Given records:
----

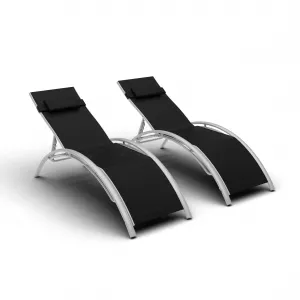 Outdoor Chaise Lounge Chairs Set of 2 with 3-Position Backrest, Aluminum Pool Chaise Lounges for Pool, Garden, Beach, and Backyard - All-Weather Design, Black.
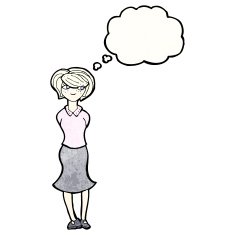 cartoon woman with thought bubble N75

----

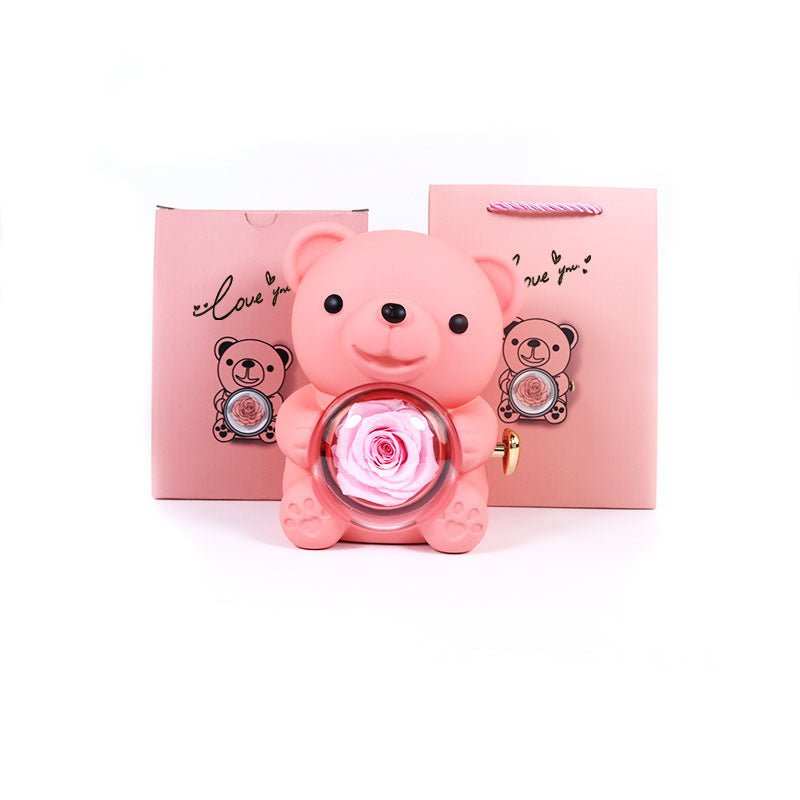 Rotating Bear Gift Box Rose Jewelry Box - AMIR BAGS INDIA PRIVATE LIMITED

----

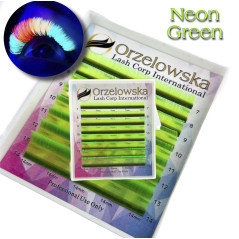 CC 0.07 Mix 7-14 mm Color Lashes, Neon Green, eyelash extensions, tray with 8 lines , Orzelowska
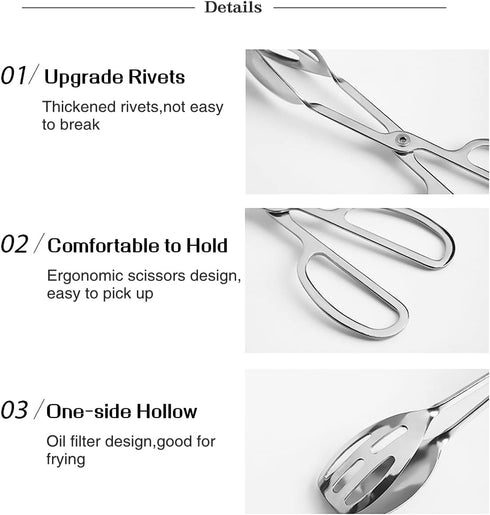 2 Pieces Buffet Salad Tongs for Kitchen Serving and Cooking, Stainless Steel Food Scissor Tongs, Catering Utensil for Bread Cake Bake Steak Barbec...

----

Your objective:
Each line between the one holding "CC 0.07 Mix" and the one holding "2 Pieces Buffet", inclusive, should be copied exactly as it appears above, and pictures should be omitted.

Your response:
 CC 0.07 Mix 7-14 mm Color Lashes, Neon Green, eyelash extensions, tray with 8 lines , Orzelowska
 2 Pieces Buffet Salad Tongs for Kitchen Serving and Cooking, Stainless Steel Food Scissor Tongs, Catering Utensil for Bread Cake Bake Steak Barbec...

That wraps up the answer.